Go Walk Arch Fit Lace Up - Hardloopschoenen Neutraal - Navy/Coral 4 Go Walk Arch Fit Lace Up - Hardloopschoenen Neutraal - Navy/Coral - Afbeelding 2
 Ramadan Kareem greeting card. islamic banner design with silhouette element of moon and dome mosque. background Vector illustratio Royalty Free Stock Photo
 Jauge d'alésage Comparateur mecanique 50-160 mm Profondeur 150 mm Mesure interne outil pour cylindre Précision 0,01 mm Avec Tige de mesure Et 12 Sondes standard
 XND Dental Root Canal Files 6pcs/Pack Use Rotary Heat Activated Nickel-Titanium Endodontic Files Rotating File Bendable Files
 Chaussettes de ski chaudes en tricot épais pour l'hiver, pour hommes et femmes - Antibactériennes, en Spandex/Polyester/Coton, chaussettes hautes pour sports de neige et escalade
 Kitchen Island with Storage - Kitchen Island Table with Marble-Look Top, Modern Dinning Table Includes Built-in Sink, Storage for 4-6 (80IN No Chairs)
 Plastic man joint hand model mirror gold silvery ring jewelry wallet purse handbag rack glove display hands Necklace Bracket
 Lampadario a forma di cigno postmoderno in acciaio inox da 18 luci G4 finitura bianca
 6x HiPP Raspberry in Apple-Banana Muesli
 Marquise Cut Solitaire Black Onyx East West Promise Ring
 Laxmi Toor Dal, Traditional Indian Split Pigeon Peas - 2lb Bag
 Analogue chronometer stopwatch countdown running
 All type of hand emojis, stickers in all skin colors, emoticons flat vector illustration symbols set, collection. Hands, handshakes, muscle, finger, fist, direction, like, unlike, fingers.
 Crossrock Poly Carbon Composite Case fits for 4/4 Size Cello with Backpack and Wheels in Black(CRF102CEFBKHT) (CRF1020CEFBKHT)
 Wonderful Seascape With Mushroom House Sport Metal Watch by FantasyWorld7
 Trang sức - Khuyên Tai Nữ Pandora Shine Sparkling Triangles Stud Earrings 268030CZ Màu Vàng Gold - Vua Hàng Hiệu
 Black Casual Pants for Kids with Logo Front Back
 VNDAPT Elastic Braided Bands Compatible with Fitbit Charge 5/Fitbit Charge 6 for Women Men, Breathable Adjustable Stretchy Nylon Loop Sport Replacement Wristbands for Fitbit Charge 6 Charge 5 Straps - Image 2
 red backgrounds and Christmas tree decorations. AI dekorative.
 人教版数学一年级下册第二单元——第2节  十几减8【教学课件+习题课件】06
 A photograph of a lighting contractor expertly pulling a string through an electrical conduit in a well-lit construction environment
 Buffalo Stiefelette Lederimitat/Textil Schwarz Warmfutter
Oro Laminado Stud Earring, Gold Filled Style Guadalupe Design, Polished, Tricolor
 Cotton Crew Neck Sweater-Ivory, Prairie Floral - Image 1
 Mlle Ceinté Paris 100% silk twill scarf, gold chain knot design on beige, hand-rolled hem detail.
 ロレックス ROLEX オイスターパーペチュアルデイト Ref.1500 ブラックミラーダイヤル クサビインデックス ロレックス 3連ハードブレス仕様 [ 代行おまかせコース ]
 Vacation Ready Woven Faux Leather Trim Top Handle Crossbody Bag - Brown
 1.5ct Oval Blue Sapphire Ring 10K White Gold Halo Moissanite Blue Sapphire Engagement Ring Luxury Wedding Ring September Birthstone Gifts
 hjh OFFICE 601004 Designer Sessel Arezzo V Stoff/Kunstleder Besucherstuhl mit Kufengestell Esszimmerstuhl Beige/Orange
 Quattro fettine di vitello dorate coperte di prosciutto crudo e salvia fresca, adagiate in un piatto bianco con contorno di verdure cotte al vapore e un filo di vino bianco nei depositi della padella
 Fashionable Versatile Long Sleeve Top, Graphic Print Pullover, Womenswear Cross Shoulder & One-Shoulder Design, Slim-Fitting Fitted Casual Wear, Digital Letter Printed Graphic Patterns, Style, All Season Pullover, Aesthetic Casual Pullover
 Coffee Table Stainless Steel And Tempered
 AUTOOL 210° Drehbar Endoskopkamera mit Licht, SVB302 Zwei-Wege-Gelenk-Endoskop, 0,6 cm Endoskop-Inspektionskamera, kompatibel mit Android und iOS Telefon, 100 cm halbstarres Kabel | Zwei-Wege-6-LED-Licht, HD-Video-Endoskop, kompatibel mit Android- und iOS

--- Task statement ---
What are the lines above, starting at the one with "Laxmi Toor Dal, Traditional" and ending at the one with "Crossrock Poly Carbon"? Give them again exactly, and only them.

--- Task result ---
 Laxmi Toor Dal, Traditional Indian Split Pigeon Peas - 2lb Bag
 Analogue chronometer stopwatch countdown running
 All type of hand emojis, stickers in all skin colors, emoticons flat vector illustration symbols set, collection. Hands, handshakes, muscle, finger, fist, direction, like, unlike, fingers.
 Crossrock Poly Carbon Composite Case fits for 4/4 Size Cello with Backpack and Wheels in Black(CRF102CEFBKHT) (CRF1020CEFBKHT)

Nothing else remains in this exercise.